In Arizona, thousands of demonstrators — split between those who support and oppose abortion rights —gathered outside the state Capitol on Friday night. Police fired tear gas to disperse anti-abortion demonstrators who banged on the glass doors of the Senate building, and lawmakers, rushing to complete their 2022 session, huddled briefly in a basement.
Clinics in Arizona stopped performing abortions after the decision, as did those in Alabama, Arkansas, Kentucky, Missouri, South Dakota, West Virginia and Wisconsin. Women considering abortions already had been dealing with a near-complete ban in Oklahoma and a prohibition after roughly six weeks in Texas.
In Ohio, a ban on most abortions from the first detectable fetal heartbeat became law when a federal judge dissolved an injunction that had kept the measure on hold for nearly three years. Another law with narrow exceptions was was triggered by the ruling in Utah and went into effect.
Mississippi’s only abortion clinic, which was at the center of the case before the Supreme Court, continued to see patients Friday. Outside, men used a bullhorn to tell people inside that they would burn in hell. Clinic escorts wearing colorful vests used large speakers to blast Tom Petty’s “I Won’t Back Down” at the protesters.
The ruling is likely to lead to abortion bans in roughly half the states, and people on both sides of the issue predicted the fight would continue.
In Minnesota, where abortion remains legal, Gov. Tim Walz signed an executive order to help shield people seeking or providing abortions in his state from facing legal consequences in other states.
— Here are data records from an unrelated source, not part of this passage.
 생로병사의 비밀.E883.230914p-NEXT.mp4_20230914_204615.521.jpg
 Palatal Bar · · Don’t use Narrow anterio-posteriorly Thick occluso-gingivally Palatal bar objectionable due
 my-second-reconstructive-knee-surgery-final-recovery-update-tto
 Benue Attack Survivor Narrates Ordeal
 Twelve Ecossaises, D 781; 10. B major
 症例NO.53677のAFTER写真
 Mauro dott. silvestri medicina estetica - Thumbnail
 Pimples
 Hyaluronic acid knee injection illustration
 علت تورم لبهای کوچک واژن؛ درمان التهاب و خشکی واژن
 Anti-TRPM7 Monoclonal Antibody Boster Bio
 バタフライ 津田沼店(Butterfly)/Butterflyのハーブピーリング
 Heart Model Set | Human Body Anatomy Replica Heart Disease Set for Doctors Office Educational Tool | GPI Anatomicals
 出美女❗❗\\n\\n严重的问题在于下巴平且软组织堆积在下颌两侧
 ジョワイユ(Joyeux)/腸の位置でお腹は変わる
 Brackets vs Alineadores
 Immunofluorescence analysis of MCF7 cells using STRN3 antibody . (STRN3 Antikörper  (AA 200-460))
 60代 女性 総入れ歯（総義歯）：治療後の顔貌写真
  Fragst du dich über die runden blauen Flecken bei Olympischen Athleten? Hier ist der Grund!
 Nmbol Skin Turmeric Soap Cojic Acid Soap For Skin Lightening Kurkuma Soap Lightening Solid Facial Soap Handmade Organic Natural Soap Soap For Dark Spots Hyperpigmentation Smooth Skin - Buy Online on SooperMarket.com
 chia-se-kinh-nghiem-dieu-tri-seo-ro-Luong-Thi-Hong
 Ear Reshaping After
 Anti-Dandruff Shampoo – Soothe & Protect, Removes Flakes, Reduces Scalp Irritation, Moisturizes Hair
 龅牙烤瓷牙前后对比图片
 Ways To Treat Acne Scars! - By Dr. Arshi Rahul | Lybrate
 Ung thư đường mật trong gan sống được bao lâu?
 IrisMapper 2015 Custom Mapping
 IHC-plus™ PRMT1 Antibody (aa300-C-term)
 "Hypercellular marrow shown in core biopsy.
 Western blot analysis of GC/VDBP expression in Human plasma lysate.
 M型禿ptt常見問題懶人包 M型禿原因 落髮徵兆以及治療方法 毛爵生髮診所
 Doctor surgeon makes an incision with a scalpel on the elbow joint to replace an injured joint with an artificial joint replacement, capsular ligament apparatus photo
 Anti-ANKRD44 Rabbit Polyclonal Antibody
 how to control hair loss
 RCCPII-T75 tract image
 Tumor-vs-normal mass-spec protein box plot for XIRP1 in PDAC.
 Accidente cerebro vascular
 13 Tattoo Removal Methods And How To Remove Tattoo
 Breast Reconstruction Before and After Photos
In neighboring South and North Dakota, the Supreme Court ruling triggered, respectively, an immediate abortion ban and one that takes effect in 30 days.
Walz also has vowed to reject requests to extradite anyone accused of committing acts related to reproductive health care that are not criminal offenses in Minnesota.
“My office has been and will continue to be a firewall against legislation that would reverse reproductive freedom,” he said.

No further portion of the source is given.